Georgetown University’s Newspaper of Record since 1920

The Hoya

The Danger of Skinny Shaming

OUTTOMUNCHNYC.COM Youtube fitness star Amanda Russell has received negative backlash for being too skinny.
OUTTOMUNCHNYC.COM
Youtube fitness star Amanda Russell has received negative backlash for being too skinny.

They say real women have curves.

So does that mean that women who wear a 32 A or fit comfortably into size zero pants, aren’t real?

In my previous columns, I’ve focused on the pressure we face as women to eat less, work out more, and constantly refine our bodies. However, our society’s tendency to wear away at any glimpse of positive body image extends to both ends of the spectrum. Sadly, we put down larger women for being “too fat,” just as much as we discriminate against thinner women for looking emaciated.

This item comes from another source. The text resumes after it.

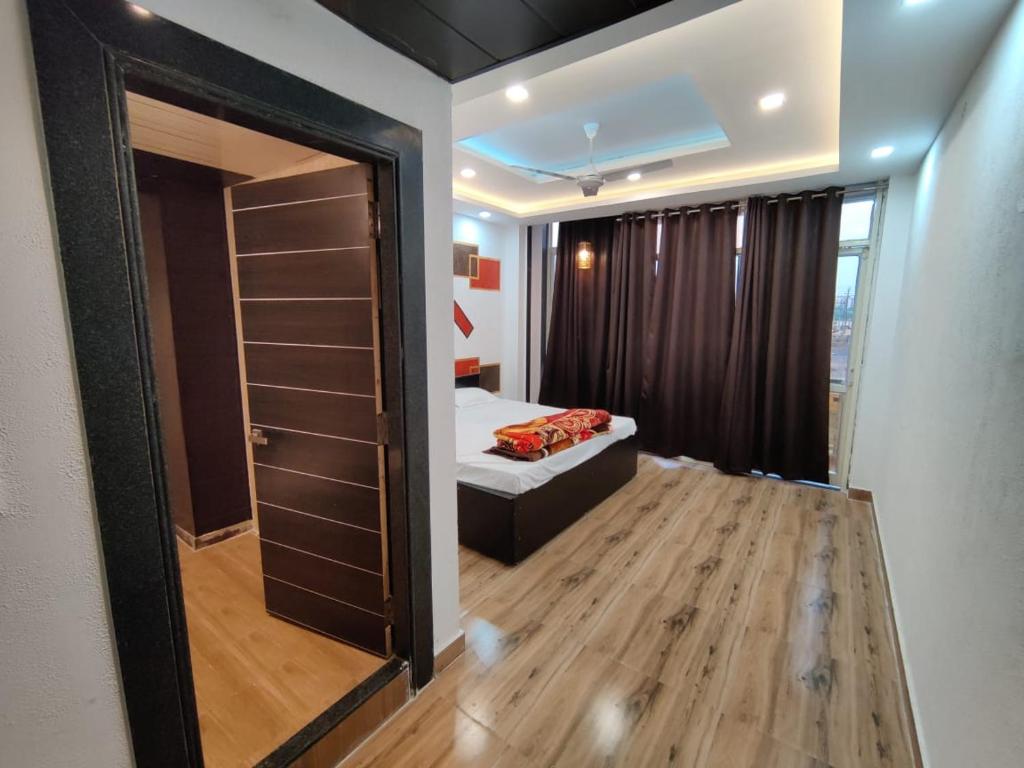 a small bedroom with a bed and a mirror at 7 Vachan Garden and Resort in Bhopal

We’ve all come across those women who are blessed with small frames and raging metabolisms, and more often than not, all we want to yell at them is, “Just go and eat a hamburger!”

It is frighteningly easy to fall into the practice of skinny shaming because it always seems far too likely that girls with single-digit body fat percentage must be battling an eating disorder and could learn a thing or two from the rest of us “healthy” people.

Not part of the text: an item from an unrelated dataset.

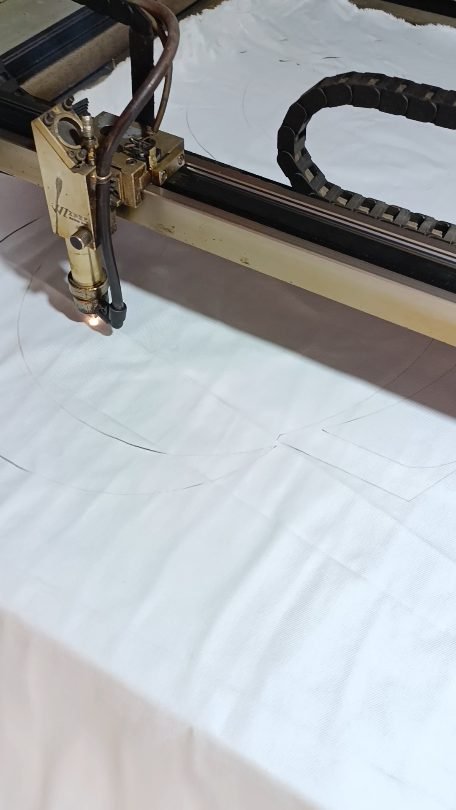Laser cutting machine cutting logo shapes from white fabric, following the design on the computer, at Naxon Sports factory in Sialkot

But that assumption could not be further from the truth. After all, we are in no position to judge a woman for her body type, especially to condemn her for being too thin when it’s not within her control.

So why do we do this? Why are we so obsessed with picking each other apart and focusing all of our attention on each other’s imperfections?

Journalist Sammi Taylor from Birdee Magazine accredits this tendency to “the product of our self-esteem. We are constantly unhappy, trying to reinvent ourselves by reducing the numbers on tags or scales.” I would have to agree.

As I was trying to find testimonies from victims of skinny shaming, I came across Amanda Russell, a 27-year-old YouTube fitness star, who has been thin her whole life, without really making any special effort to stay slim.

While on set for one of her videos, a colleague approached her to ask the question, “Do you even eat?”

Though questions like these feign concern, they are not compassionate or sensitive in the least. Suppose Amanda was battling anorexia — confronting her about a potential eating disorder would hardly do the trick. Is that question supposed to trigger a light bulb and show her that starving herself is not the answer?

Over the past several years, there has been a movement toward promoting body acceptance and embracing women of all shapes and sizes, but with cases like these still being all too common, it hardly seems that we are on the right track.

Amanda’s video referenced the “skinny backlash,” and I’d have to say it should be a source of concern. Zero most certainly is a size, and real women can also have little to no curves. Rather than associate one body type with the image of a healthy, happy woman, we need to focus more on a broader acceptance — one that incorporates every woman, whether she is a size 0 or size 14.

We need to remember that a number on the scale does not determine individual self-worth. But most importantly, we need to remember that every woman is real. No exceptions.

Daria Etezadi is a rising sophomore in the School of Foreign Service. Made From Scratch appears every other Monday at thehoya.com.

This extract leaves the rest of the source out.